# Hello from Port Coquitlam



## RickD (Apr 26, 2020)

Hi,
I'm a semi-retired telecom engineering tech and I'm just learning to weld. My inspiration is my son, who is a professional welder/fabricator, and has convinced me that welding and metalworking is a great way to spend my time.
I'm looking forward to connecting with others on the forum.
Rick


----------



## CalgaryPT (Apr 26, 2020)

Welcome Rick. I'm retired out here in Calgary. I've been hobby welding and fooling around with electronics for about 40 yrs. now. I'm more on the fabrication and welding side of the hobby and work with steel only. 

Port Coquitlam is so pretty.


----------



## Chicken lights (Apr 26, 2020)

Welcome!!


----------



## Marc Moreau (Apr 26, 2020)

Welcome from Gatineau Quebec I am a retired mechanic . I have no problem to weld steel  but aluminium ??? I have a tig welder lucky my son weld aluminium . Nice hobby many youtube  you can see . Look on youtube  you see different  guy's  so you get an idea. Practice make perfect.


----------



## RickD (Apr 26, 2020)

I need lots of practice! So far, this has involved about 4.5 hours of time on each of 4 processes, during a basic Continuing Studies course at BCIT. One more class coming up, sometime in the future when the school reopens. I was able to try out:

oxyacetylene welding, which I liked because it is easy to understand and fairly slow-paced, once you get used to lighting and adjusting the torch.
Shielded Metal Arc Welding (SMAW- aka Stick welding), which involves lots of fire and smoke. This was relatively easy to do, except for the electrode sticking to the workpiece part. I've a long ways to go, but at least I could get a few pieces of metal stuck together during the class.
Gas Tungsten Arc Welding (GTAW- aka TIG). This process was the most difficult of the four, and quite frustrating, since I probably spent more time sharpening tungsten than I did welding. It will take me much more practice to be able to do anything useful with TIG.
Gas Metal Arc Welding (GMAW- aka MIG). This was the most fun, because it was the easiest process for actually getting results. The machine did a lot of the hard work by controlling the arc and the wire feed speed automatically. My welds were still poor quality, but at least I was able to accomplish some of the practice work I was trying to get done. I'm going to concentrate on learning this process going forward.
My son welds aluminum, too. Lots of it at his shop, which specializes in marine work. However, I'm going to follow his advice and leave the aluminum welding alone until I have more experience.
I don't have my own welder yet, but I'm actively shopping. It amazes me how much people ask for used welders. Is there no such thing as depreciation when it does to welding equipment?


----------



## Marc Moreau (Apr 26, 2020)

RickD said:


> I need lots of practice!
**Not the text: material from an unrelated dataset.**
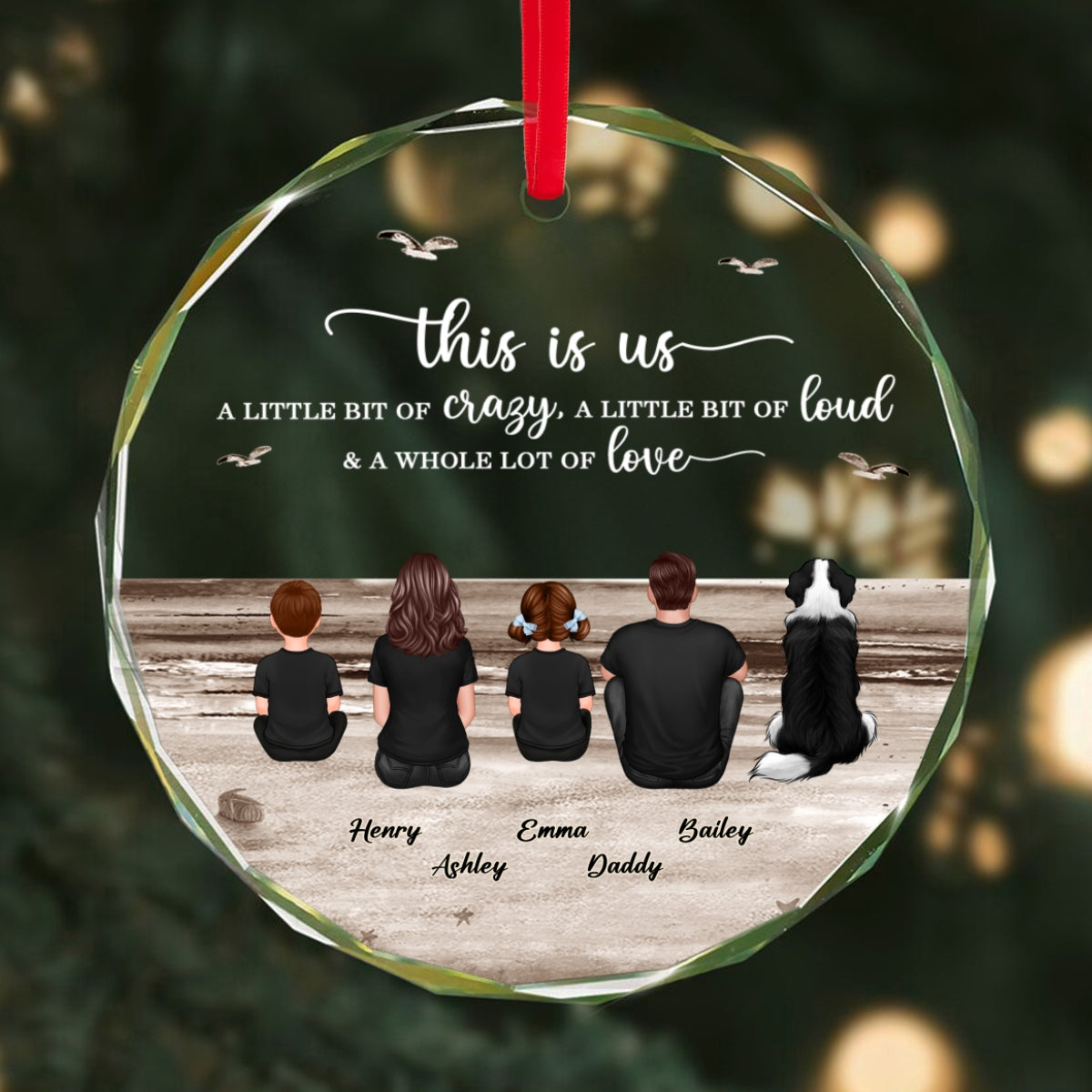 Family Sitting Back View Retro Vintage Beach Landscape Personalized Circle Glass Ornament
So far, this has involved about 4.5 hours of time on each of 4 processes, during a basic Continuing Studies course at BCIT. One more class coming up, sometime in the future when the school reopens. I was able to try out:
> 
> oxyacetylene welding, which I liked because it is easy to understand and fairly slow-paced, once you get used to lighting and adjusting the torch.
> Shielded Metal Arc Welding (SMAW- aka Stick welding), which involves lots of fire and smoke. This was relatively easy to do, except for the electrode sticking to the workpiece part. I've a long ways to go, but at least I could get a few pieces of metal stuck together during the class.
> ...


Keep going more hour's spend on welding better you will be . Take your time this is a hobby and you gone get it. Just more hour clean metal good set up on  the machine steady hand  good temperature for fusion and it should work.


----------



## David_R8 (Apr 26, 2020)

Welcome from Victoria!
I’m also new, been dabbling since about September or so. 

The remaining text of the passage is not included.